Pudełkowaty kształt, dość wysokiego nadwozia (1540 mm), każe się domyślać co możemy zastać we wnętrzu. Zagadka jest dość prosta, bo w kabinie odnajdziemy dużo (jak na te gabaryty) przestrzeni, do której dostępu bronią wysokie i szeroko otwierające się drzwi. Ten fakt natychmiast docenią rodzice, którzy sadzając swoje pociechy w fotelikach, nie będą musieli zamieniać się w człowieka gumę, wijącego się w ledwo uchylonych małych drzwiach.
Siedzenie kierowcy, które regulowane jest również na wysokość, pozwala zająć wygodną i prawidłową pozycję. Jest to dość istotny fakt, ponieważ kierownica reguluje się tylko w jednej, pionowej płaszczyźnie. Dzięki sporemu rozstawowi osi, producent nie oszczędzał na wielkości siedzeń, co z pewnością ucieszy wyższych kierowców. Oni docenią również fakt, że poprowadzona wysoko linia dachu, nie będzie narażała ich na szorowanie głową po podsufitce.
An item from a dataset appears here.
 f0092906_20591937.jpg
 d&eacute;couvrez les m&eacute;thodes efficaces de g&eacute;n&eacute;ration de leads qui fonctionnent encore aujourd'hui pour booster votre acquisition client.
Tylna kanapa powinna w teorii pomieścić trzech pasażerów, ale nie radzę tego rozwiązania praktykować na co dzień. Dwie osoby lub dwa foteliki, to optymalne zagospodarowanie drugiego rzędu siedzeń. Miejsce to może opcjonalnie posłużyć do powiększenia przestrzeni bagażowej, która standardowo oferuje 254 litry (VDA). Jest to objętość, która w zupełności wystarczy na zapakowanie większych zakupów i wózka typu „parasolka”, czyli codziennego ładunku przewozowego miejskiego auta. W razie potrzeby rozłożenie oparć tylnej kanapy zwiększa kubaturę do 1053 litrów.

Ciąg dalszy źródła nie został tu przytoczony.